I have written several plugins to suit the searching/editing/access of metadata I want to do. Like suggested above, I grabbed an example and worked with that to learn Lua and the objects Lightroom presents. Even though I am a software developer by trade I always start with an example to familiarise myself with a new coding environment.

John's "path to keyword" script was helpful as, before looking at it, I had not been familiar with Lua "captures". Now I've removed several loops in some of my own code. And that's a good example of learning from functioning code to get started rather than just dive into the documentation.


----------



## johnbeardy (Dec 30, 2015)

wirrah said:


> I have written several plugins to suit the searching/editing/access of metadata I want to do.
> John's "path to keyword" script was helpful as, before looking at it, I had not been familiar with Lua "captures".



Funnily enough, as a self-taught programmer I don't even know what "Lua 'captures' " are!

John


----------



## johnbeardy (Dec 30, 2015)

PhilBurton said:


> From what I can tell so far, my needs around metadata are not fully addressed with stock Lightroom.  I'll have to explore some of the available plug-ins to see if any meet my needs or if I can modify them to meet my needs.

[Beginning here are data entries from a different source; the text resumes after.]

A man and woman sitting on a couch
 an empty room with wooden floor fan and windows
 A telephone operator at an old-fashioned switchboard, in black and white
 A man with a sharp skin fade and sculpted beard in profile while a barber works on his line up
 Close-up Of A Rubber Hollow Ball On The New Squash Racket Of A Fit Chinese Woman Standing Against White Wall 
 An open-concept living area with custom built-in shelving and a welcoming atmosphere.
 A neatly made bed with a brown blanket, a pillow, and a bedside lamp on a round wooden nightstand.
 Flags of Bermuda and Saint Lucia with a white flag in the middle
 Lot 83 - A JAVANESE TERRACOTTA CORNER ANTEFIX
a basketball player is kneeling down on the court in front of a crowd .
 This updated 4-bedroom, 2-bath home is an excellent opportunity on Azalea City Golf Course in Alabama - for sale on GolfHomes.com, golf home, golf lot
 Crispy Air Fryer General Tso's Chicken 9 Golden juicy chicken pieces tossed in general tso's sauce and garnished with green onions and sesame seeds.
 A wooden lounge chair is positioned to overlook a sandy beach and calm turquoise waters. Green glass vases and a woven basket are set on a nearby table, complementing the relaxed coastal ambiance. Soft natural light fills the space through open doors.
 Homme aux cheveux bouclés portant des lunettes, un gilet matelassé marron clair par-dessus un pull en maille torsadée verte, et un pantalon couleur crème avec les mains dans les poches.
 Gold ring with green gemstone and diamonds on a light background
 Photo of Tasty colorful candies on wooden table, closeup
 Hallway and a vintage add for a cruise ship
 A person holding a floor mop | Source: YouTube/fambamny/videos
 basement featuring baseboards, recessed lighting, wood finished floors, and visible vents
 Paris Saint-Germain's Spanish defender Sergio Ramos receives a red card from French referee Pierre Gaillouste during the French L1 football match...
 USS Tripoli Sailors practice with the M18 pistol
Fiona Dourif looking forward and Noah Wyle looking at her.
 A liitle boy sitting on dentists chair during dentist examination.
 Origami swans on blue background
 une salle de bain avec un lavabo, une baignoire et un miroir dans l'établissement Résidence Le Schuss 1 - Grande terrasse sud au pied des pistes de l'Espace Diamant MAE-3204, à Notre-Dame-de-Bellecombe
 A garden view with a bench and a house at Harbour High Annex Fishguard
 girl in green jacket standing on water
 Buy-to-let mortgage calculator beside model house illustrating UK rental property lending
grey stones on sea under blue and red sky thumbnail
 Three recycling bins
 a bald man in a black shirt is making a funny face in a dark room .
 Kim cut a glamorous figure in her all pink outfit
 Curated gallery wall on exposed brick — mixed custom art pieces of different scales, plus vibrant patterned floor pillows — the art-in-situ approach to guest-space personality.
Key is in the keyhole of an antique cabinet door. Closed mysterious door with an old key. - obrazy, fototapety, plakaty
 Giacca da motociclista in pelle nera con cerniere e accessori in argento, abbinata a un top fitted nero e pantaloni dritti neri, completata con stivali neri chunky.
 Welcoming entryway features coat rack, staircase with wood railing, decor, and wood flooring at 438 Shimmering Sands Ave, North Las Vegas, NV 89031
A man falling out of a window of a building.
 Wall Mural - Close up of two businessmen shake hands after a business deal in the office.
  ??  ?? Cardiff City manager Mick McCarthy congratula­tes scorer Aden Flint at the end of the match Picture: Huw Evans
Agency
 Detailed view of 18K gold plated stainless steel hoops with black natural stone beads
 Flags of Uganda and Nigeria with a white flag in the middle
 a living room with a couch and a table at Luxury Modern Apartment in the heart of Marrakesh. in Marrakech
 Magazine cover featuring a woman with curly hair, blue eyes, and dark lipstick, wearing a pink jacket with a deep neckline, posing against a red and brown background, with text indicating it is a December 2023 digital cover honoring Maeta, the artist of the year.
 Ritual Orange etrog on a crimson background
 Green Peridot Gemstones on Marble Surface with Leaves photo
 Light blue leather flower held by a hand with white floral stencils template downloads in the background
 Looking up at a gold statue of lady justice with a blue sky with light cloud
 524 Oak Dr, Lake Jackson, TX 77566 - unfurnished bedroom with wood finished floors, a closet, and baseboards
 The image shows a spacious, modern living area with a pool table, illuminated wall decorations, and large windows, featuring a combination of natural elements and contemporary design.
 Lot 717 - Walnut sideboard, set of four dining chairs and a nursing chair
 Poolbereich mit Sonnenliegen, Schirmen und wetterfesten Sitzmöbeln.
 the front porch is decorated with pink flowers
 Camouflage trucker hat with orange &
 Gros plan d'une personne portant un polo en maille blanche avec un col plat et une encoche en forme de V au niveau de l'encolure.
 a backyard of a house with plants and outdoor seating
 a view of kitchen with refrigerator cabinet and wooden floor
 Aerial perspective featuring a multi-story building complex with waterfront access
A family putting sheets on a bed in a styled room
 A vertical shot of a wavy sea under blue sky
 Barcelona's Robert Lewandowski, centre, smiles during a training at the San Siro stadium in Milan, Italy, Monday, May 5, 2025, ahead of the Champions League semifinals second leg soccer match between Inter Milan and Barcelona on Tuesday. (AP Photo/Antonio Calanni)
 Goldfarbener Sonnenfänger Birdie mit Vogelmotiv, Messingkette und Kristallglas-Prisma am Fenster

Look at my BigNote plugin, Phil. 

John


----------



## wirrah (Dec 30, 2015)

johnbeardy said:


> Funnily enough, as a self-taught programmer I don't even know what "Lua 'captures' " are!
> 
> John



Neither did I until I saw

 local fpat = "(.-)" .. pat
...
 local s, e, cap = str:find(fpat, 1)


----------



## PhilBurton (Dec 30, 2015)

johnbeardy said:


> Look at my BigNote plugin, Phil.
> 
> John



John,

Almost there. But for the fact that, quoting from the BigNote web page:

_*Any information entered in the Big Note field is stored in the Lightroom  catalogue. It is never written to the images’ XMP files and is not  included in files exported from LR. That’s because Lightroom doesn’t yet  permit a plug-in to use its XMP-writing engine,*

_This restriction is a major, major bummer for me.  Since custom metadata is important for me, that I can share with others, this statement confirms that I will need to use another application for cataloging, probably Photo Supreme (was IDImager).  The UI is not exactly great, and the documentation is sparse, but it has very powerful metadata management, including custom metadata.  If/when/ever Adobe allows access to the XMP-writing engine, then I could live my photo life entirely inside Lightroom and its plugins.

Phil


----------



## PhilBurton (Dec 30, 2015)

Tony Jay said:


> John Beardsworth is your go-to on this forum for plug-in's.
> Adobe does publish a software development kit for Lightroom.
> Lua is not unknown but it certainly has it's quirks.
> A good knowledge of SQL is also required.
> ...



John and Jay,

I have been downloading plugins for eventual use in LR, but I also looked at the text files that are part of every plugin.  Mostly I found files with Lua code, but at least one plugin had text files with a *.pl file type, probably meaning perl script.  (another language I don't know.)  I just tried to find that plugin on my system, but I can't right now.  I thought that Lua was the only supported language for plugins.  Not that I'm looking to make this situation more complicated than it is already.

Phil


----------



## johnbeardy (Dec 31, 2015)

PhilBurton said:


> Mostly I found files with Lua code, but at least one plugin had text files with a *.pl file type, probably meaning perl script.  (another language I don't know.)  I just tried to find that plugin on my system, but I can't right now.  I thought that Lua was the only supported language for plugins.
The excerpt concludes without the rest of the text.